For now, I’m seeing him a couple of times a week and trying to catch rides on horses wherever I can, but I feel like I’m floating with no anchor. Just drifting and waiting for the tide to change. Without horses and being at the barn and showing and taking lessons, I’ve lost touch with people who were in my circle, and I feel left out while everyone else seems to be thriving. I need my own horse and that partnership and bond to feel whole Right now there’s a part of me missing, and I don’t know when I’ll get it back. This has been the worst year of my life, and I hope things will start turning around soon.

3 thoughts on “A Lost Year

  1. Onlyjoolzandhorses

    A very similar thing happened to my lovely event and team chase horse.
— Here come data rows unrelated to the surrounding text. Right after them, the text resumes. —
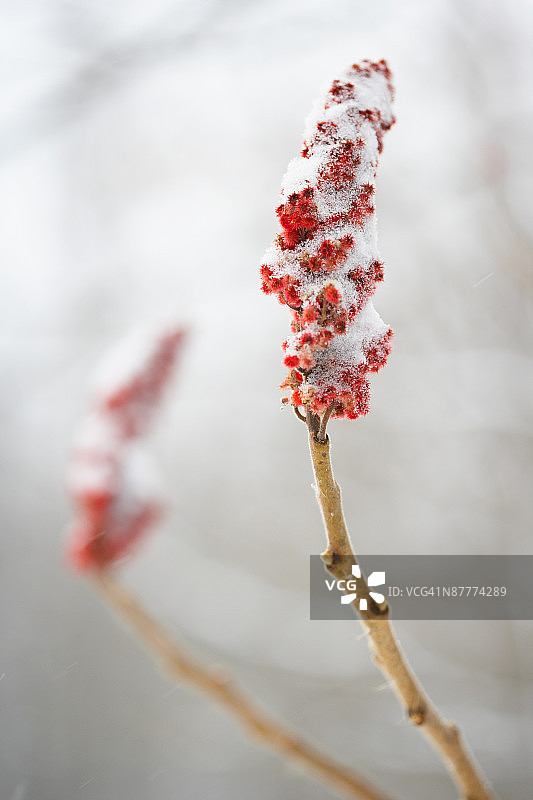 覆雪漆树果实图片素材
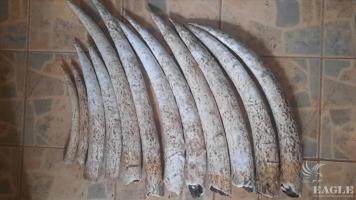 3 traffickers arrested with 12 elephant tusks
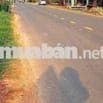 Cần Bán Đất Ngay Chợ Hảo Đước 12x88 Giá 2T8xx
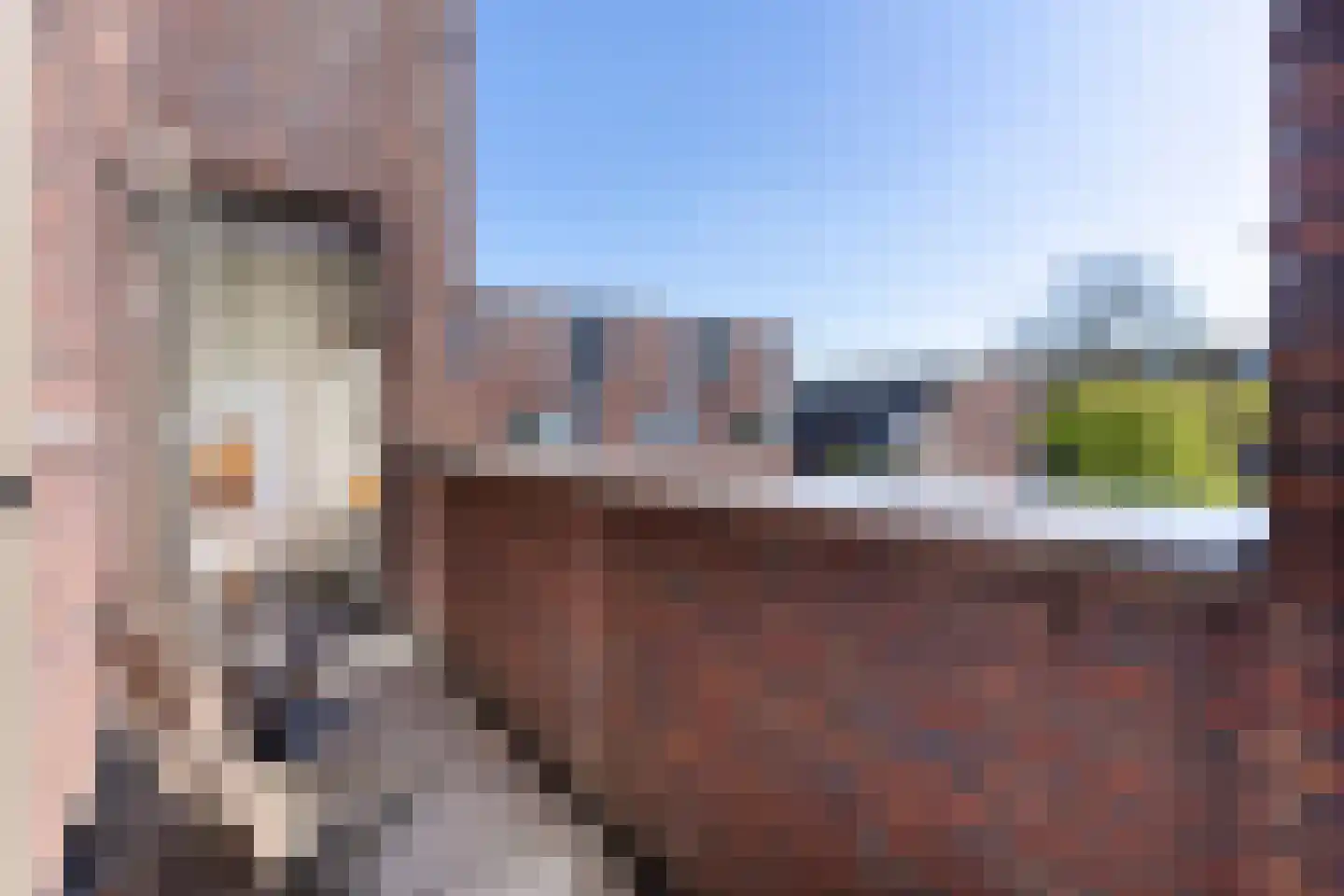 Troelstralaan 74 Utrecht thumbnail 20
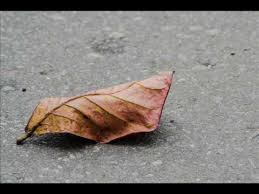 Estas estancias tienen excelentes calificaciones por su. Folha Seca Zico E Zeca Letras Mus Br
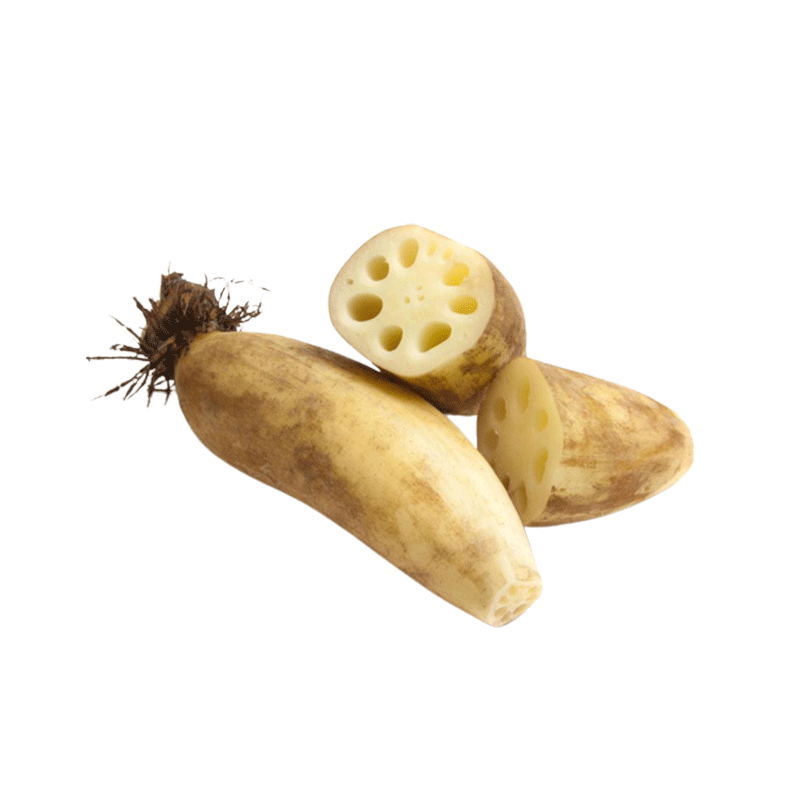 Lotus Root (නෙලුම් අල-Nelum Ala)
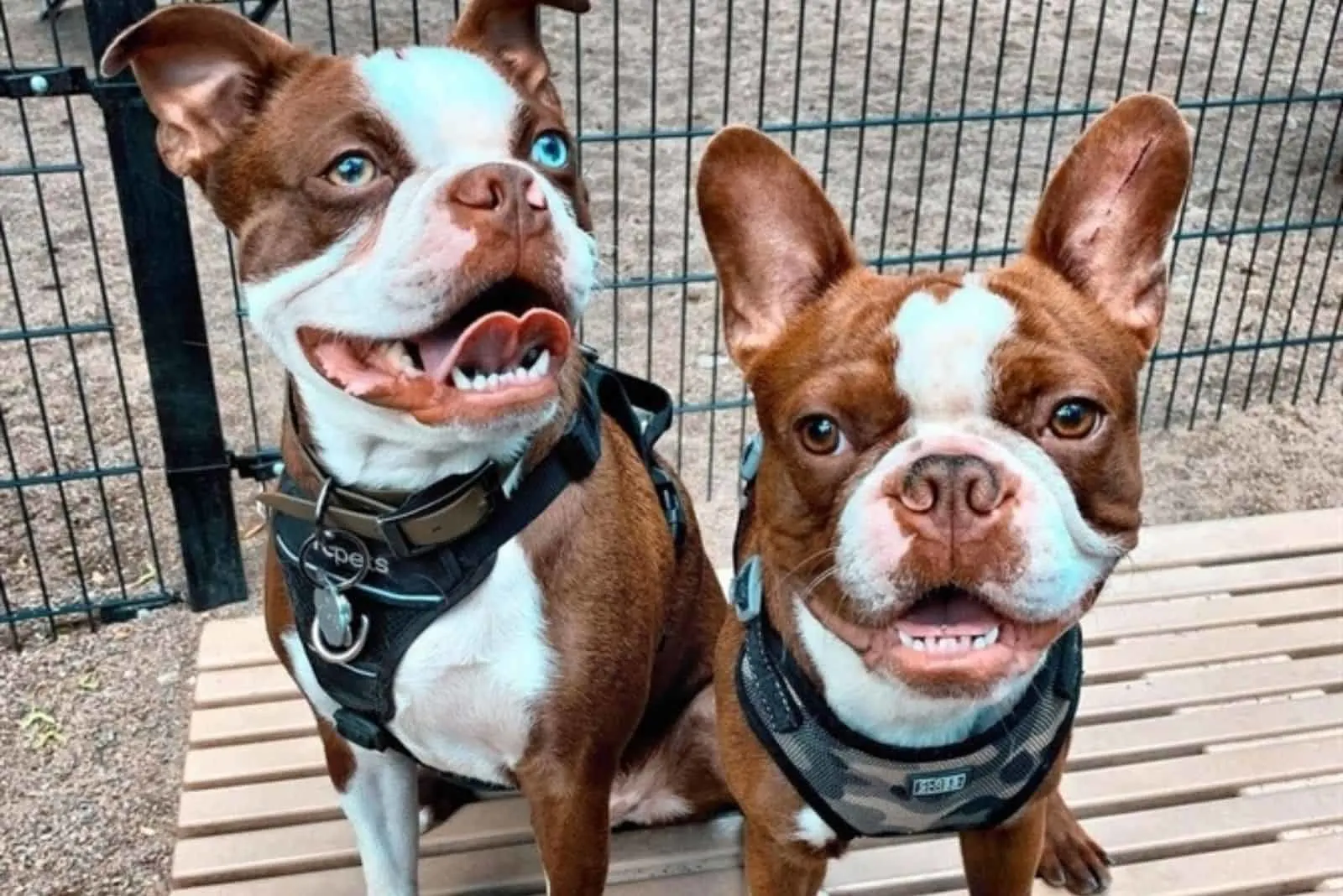 two cute red boston terriers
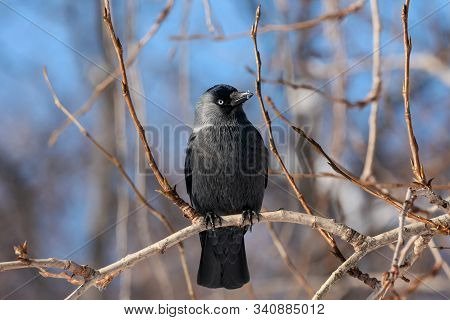Western Jackdaw Coloeus Monedula Sitting On Branch Of Tree In Winter. Cute Common Urban Crow Bird In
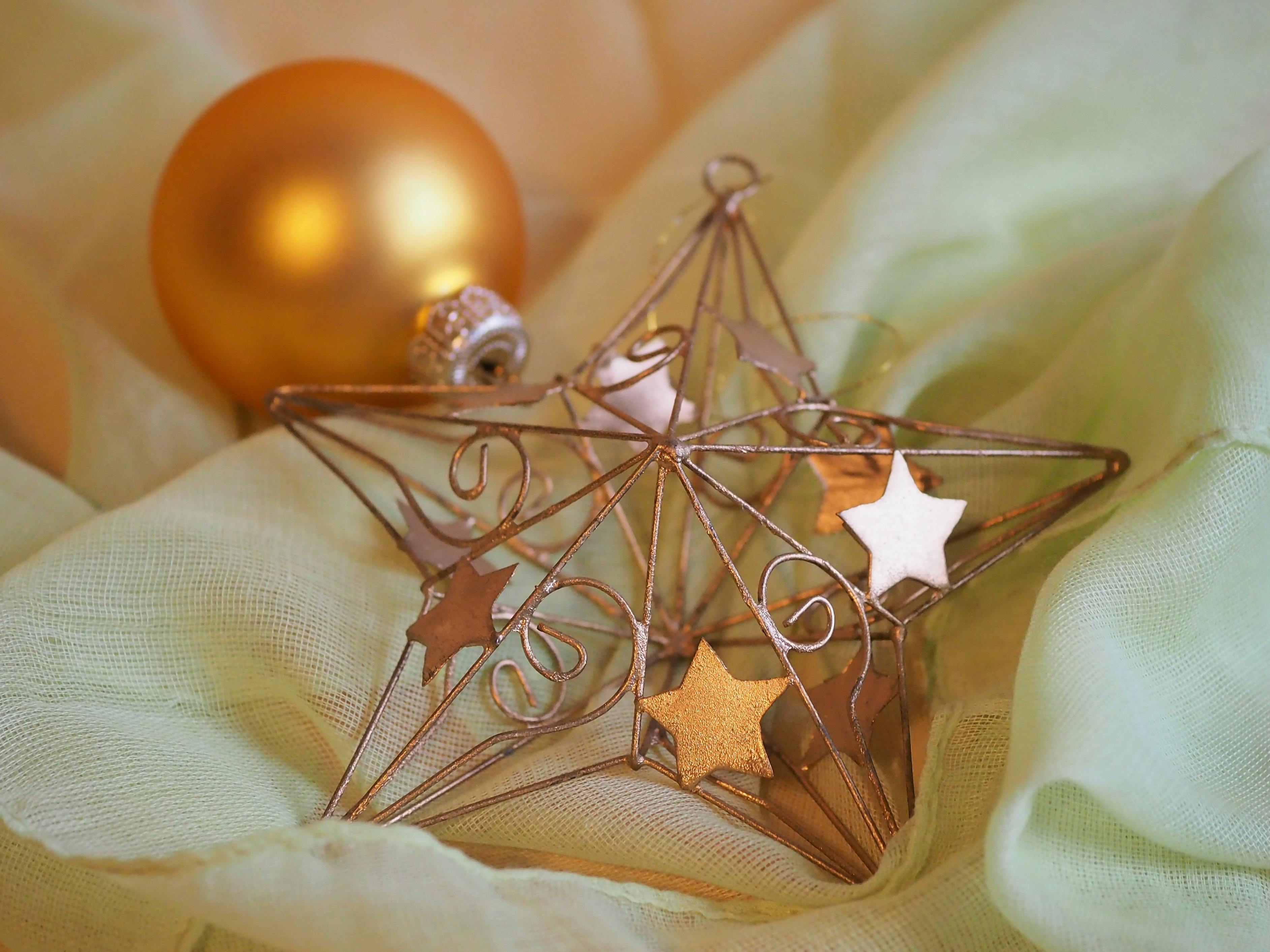 LJ Star Marks 35 Years as the Leading #1 Process Optimization Company — Photo by Beate Vogl on Pexels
He had steroids injected for stifle lameness. This triggered an extreme case of founder as unbeknownst to us he had asymptomatic cushings. He was 13. My world came crashing down. I was in denial. Its a horrible disease. He had a lot of treatment and tbh it wrecked me physically and psychologically. It is so distressing and a laminitis horse is extremely labour intensive to care for. I started riding him again but eventually the laminitis returned and he was pts. With hindsight I would have has him pts sooner. Box rest and pain is no life for a horse however much you love him. I feel so sorry for your situation 😞

  2. Niamh O'Connell

    I’m so sorry you’ve been going through all of this. I lost all this year with my horse also, partially due to a puncture wound (that the surgeon thought might have been a broken radius). I will say that once he got through the worst of it and the stall rest, we put him on trazadone for small paddock turnout and under saddle rehab and it helped SO much! Way better feeling that dealing with ace. Sending you lots and lots of good vibes. FWIW, have a good cry, throw things, get mad…allow yourself to live in that for as long as you need to. Life has a way of kicking us when we are down, but you’ll find your way to the other side. xoxo.

    1. Thanks. We just took one set of heel wedges out, so once his tendons have a chance to stretch again we’ll try riding, hopefully by next week. The hardest part of all of this is that I haven’t found a horse to ride regularly, so I’m slowly going crazy. If I had something to keep me distracted and do lessons on, I’d probably feel a little better. But most of the horses I’m being offered are ones who haven’t been ridden in years or very expensive leases, and I just don’t want to take that risk.